Common triggers we see: HMRC Time to Pay refusals, Bounce Back Loan defaults, loss of a major customer, or a statutory demand that cannot be paid within 21 days. There is no minimum debt level, number of creditors or trading period to enter a CVL.
The threshold that matters most is the shareholder vote: under section 84(1)(b) of the Insolvency Act 1986, a special resolution to wind up voluntarily must be approved by at least 75% by value of the shares voted.
Most companies entering a CVL are owner-managed, so the director and majority shareholder are the same person and the vote is a formality. Where you have multiple shareholders who disagree, the 75% threshold becomes a real constraint and you may need to negotiate or look at alternative routes.
Dormant companies with outstanding liabilities can also enter a CVL, although strike-off may be more appropriate where debts are negligible and no creditor is likely to object.
How the Creditors’ Voluntary Liquidation Process Works
The CVL follows a fixed statutory sequence, the same one we take every director through.

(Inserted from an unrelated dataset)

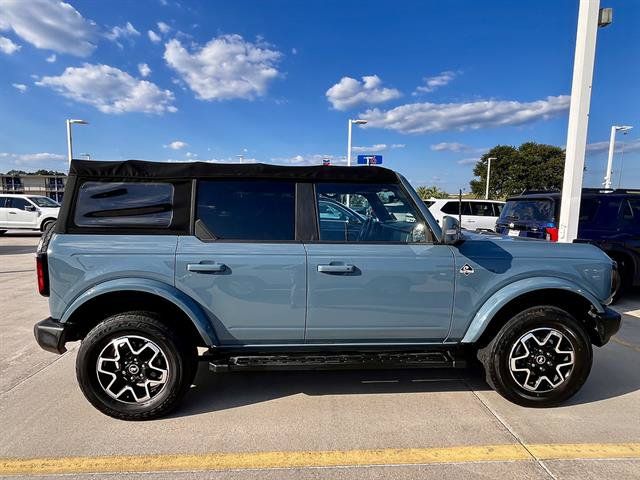 Used 2022 Ford Bronco Outer Banks AWD/4WD image 2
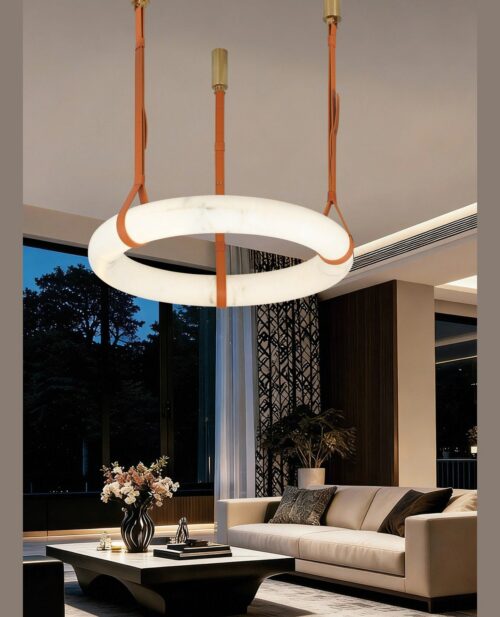 Salon tavanında alabaster halkalı, deri kayış askılı Ø60×10 cm sarkıt avize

The steps cannot be skipped or reordered.
Step 1
Speak to an Insolvency Practitioner
You instruct an authorised insolvency practitioner regulated by a recognised professional body such as the ICAEW, IPA, ICAS or Chartered Accountants Ireland. The Insolvency Service oversees the regulatory framework. The IP assesses your position, prepares the documents you need, and advises you on timing.
Step 2
Board Decision
You hold a board meeting and resolve that the company cannot continue trading and should enter liquidation.
Step 3
Shareholder Resolution
Shareholders pass a special resolution (at least 75% by value of the shares voted) under section 84 IA 1986. For many owner-managed private companies, the special resolution can be passed as a written resolution rather than at a physical shareholder meeting, which speeds up the process.
Step 4
Creditor Notification
The insolvency practitioner sends creditors the prescribed information and notice of the decision procedure through which they can participate in the liquidator’s appointment; the precise timetable is governed by the Insolvency Rules 2016, which replaced physical creditor meetings. In practice this is handled by correspondence (deemed consent), though creditors can request a virtual meeting.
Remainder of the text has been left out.